Vagabond - Versão em quadrinhos sobre a vida do lendário espadachim Miyamoto Musashi

Novo Lobo Solitário - Continuação oficial, contando as aventuras do pequeno Daigoro.

Especial Rurouni Kenshin - Versão do autor - Reformulação da história do mangá Samurai X, feita pelo autor na ocasião da versão para cinema. 

- Samurai 7 - Versão em quadrinhos da animação futurista baseada no filme Os Sete Samurais.

6 comentários:

Adelmo Veloso disse...

Excelente dica! Apesar de antigo, muitos pensamentos se mostram bastante atuais! Essa aí de manter o foco no pensamento do momento é meu ponto fraco.
Resumindo a juventude de hoje: "palavras machucam" - ah, vá!

Stefano Barbosa disse...

Como funcionava a polícia e exército na era dos samurais ??
Você sabe de + detalhes dos samurais quando rechaçaram os mongóis ?
ou a invasão da Coreia em 1598?

Alexandre Nagado disse...

Tem muita coisa legal no Hagakure, mas é bom sempre ver o contexto. Há uma passagem que elogia a determinação de samurais que apanharam em uma briga de bar. Indo contra tudo, eles cumpriram sua vingança, matando quem bateu neles. Não é algo que eu aprove, pois era briga de bar, motivo fútil pra tirar vidas. Por isso eu considero mais um documento histórico do que um conjunto de normas para a vida. Mas tem muita filosofia de vida interessante também.

Valeu! Grande abraço!

Alexandre Nagado disse...

Oi Stefano.

Os samurais eram soldados, portanto, militares. Em alguns feudos, mantinham a ordem como força policial.

Sobre a invasão da Coréia, acho que se refere à chamada Guerra Imjin, que envolveu também a China e terminou em 1598, com a expulsão dos japoneses.

Sobre a invasão dos mongóis, tem um verbete na Wikipedia com alguns dados e ilustrações bem legais. Infelizmente, não saberia dizer sobre a participação de samurais nas batalhas.

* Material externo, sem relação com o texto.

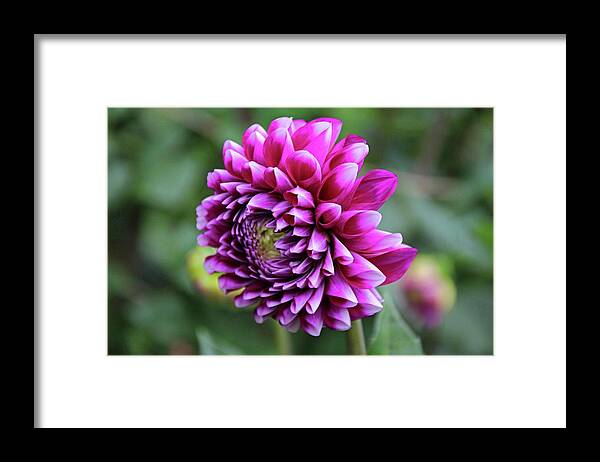 Dahlia Framed Print featuring the photograph Layers Deep #1 by Michiale Schneider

https://pt.m.wikipedia.org/wiki/Invasões_mongóis_do_Japão

Isso me lembra que meu falecido tio-avô José Yamashiro escreveu um livro sobre a história dos samurais muitos anos atrás. Lá talvez haja algo sobre isso. Preciso procurar.

Espero ter ajudado.
Abraço!

Stefano Barbosa disse...

Sobre a invasão mongol. Napoleão lembrava eles... pois era forte em terra...mas não no mar. A invasão de Napoleão à Rússia lembra 1 pouco a invasão de Khan ao Japão. Pois o tempo ajudou o invadidos... houve sabotagem contra os invasores. (marinheiros chineses e coreanos se rebelaram e até sabotaram os navios de Khan; no caso napoleônico... soldados não-franceses* desertaram e passaram informações vitais aos russos.)
* Napoleão convocou a força milhares de homens de países ocupados pra invadir a Rússia.a grosso modo.. foi 1 legião estrangeira embutida dentro DAS FORÇAS FRANCESAS)


" Desta forma os Mongóis desistiram de vez em tentar tomar o controle do arquipélago japonês, que ganhou notoriedade por ser, junto com o Vietnã, um dos únicos impérios do Extremo Oriente a resistir ao avanço mongol."

Curioso é que o Vietnam tem tradição milenar de resistir aos invasores.

anderson disse...

Eu já lia sobre esse lado sombrio dos samurais,por isso acho que Kenshin é mais o "Capitão América" do Japão do que um samurai,mas ainda chamo o desenho de Samurai X pelos mesmos motivos que chamo Sailor Moon de Serena.